EA Sports Could Be Liable For Misappropriation of Former Rutgers' Quarterback's Likness.

In Hart v Electronic Arts Inc., former Rutgers’ quarterback Ryan Hart brought an action against Electronic Arts alleging that it misused his likeness in creating the quarterback for Rutgers’ University in its popular NCAA Football video game (2006 version).  In the game, the Rutgers’ quarterback mirrored Hart, the game listed the quarterback as number 13, 6 foot 2,  and used Hart’s hometown and class year.  The game’s rendition of the player also mirrored Hart.

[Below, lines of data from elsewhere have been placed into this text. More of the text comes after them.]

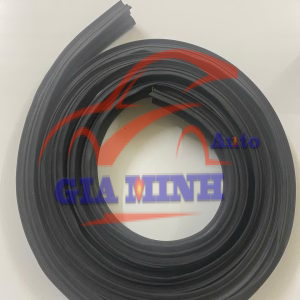 GIOĂNG CỐP HẬU TOYOTA CORONA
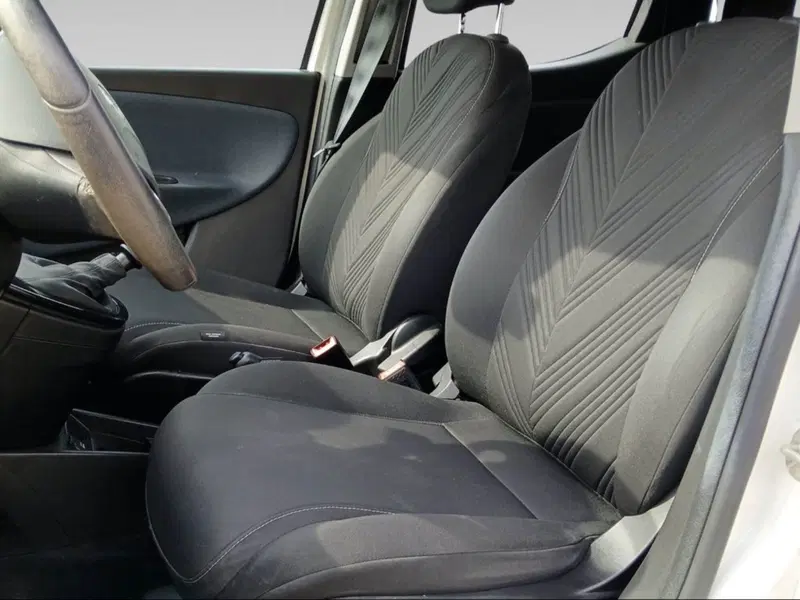 Lancia Ypsilon usata a Siena (10)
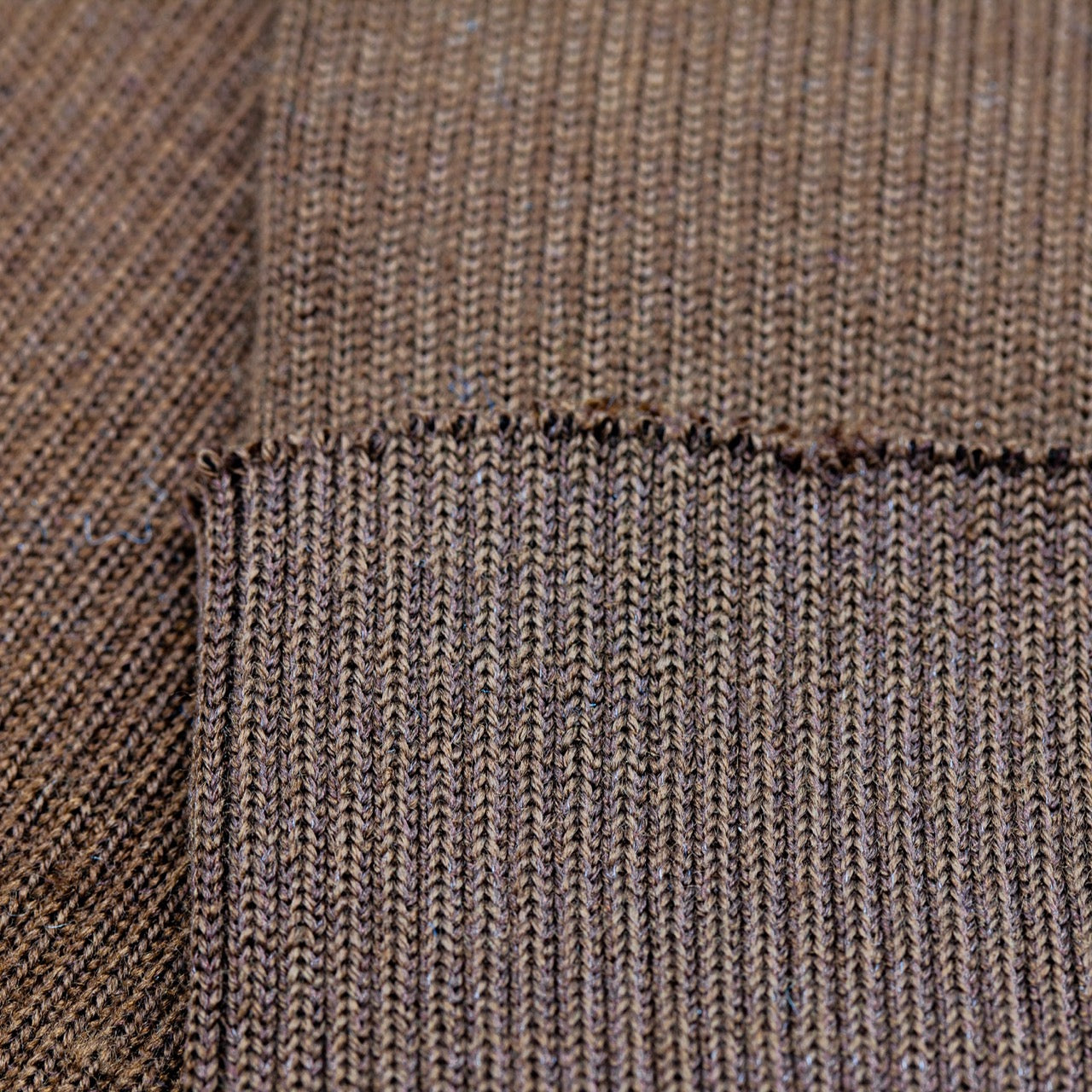 Cuffing / Tubular - Brown (2x2) - detail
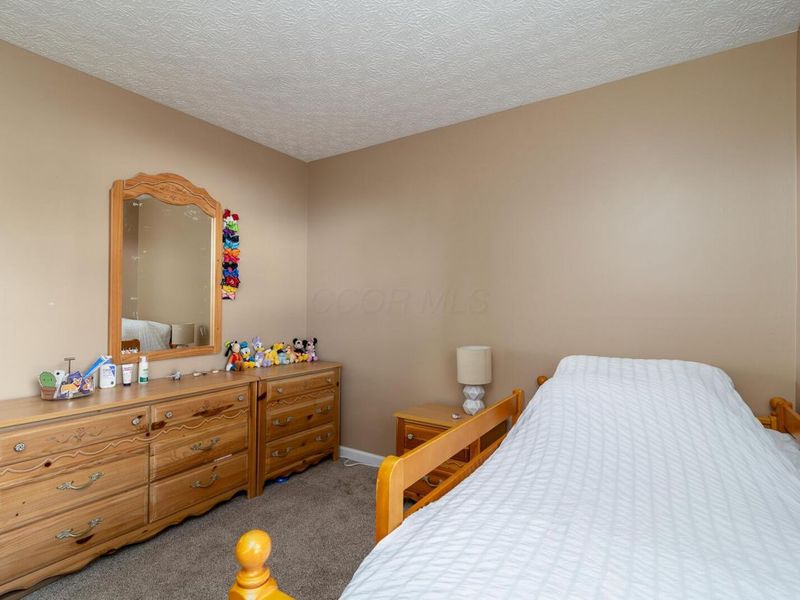 889 Lancia Lane, Galloway, OH 43119 Photo 15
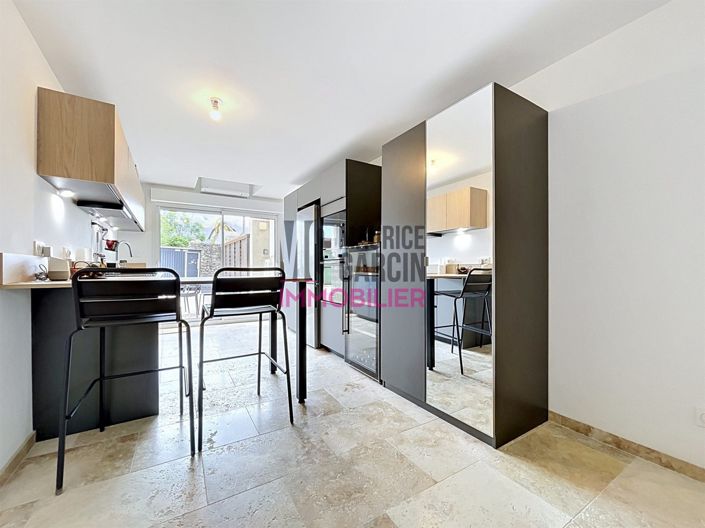 Image No.5-2 Bed House for sale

Hart brought the action in Federal District Court.  The Federal District Court dismissed the lawsuit on first amendment grounds.  The third circuit overturned the dismissal stating that the game did not sufficiently transform Hart’s identity to escape the right of publicity claim.  This ruling could pose problems for the successful game series, people purchase the game because the players resemble in skill and description the players on actual NCAA teams.  However, if the Court determines that it is a misappropriation of likeness and that the players are entitled to compensation, it posses a problem for the players’ NCAA status.

Under NCAA rules a college player cannot receive compensation any form in that sport or accepts any remuneration or permits the use of his or her name or picture to advertise, recommend or promote directly the sale or use of a commercial product or service of any kind.  To do so will cause that player to lose his/her ametuer status, thus his/her ability to participate in NCAA sports.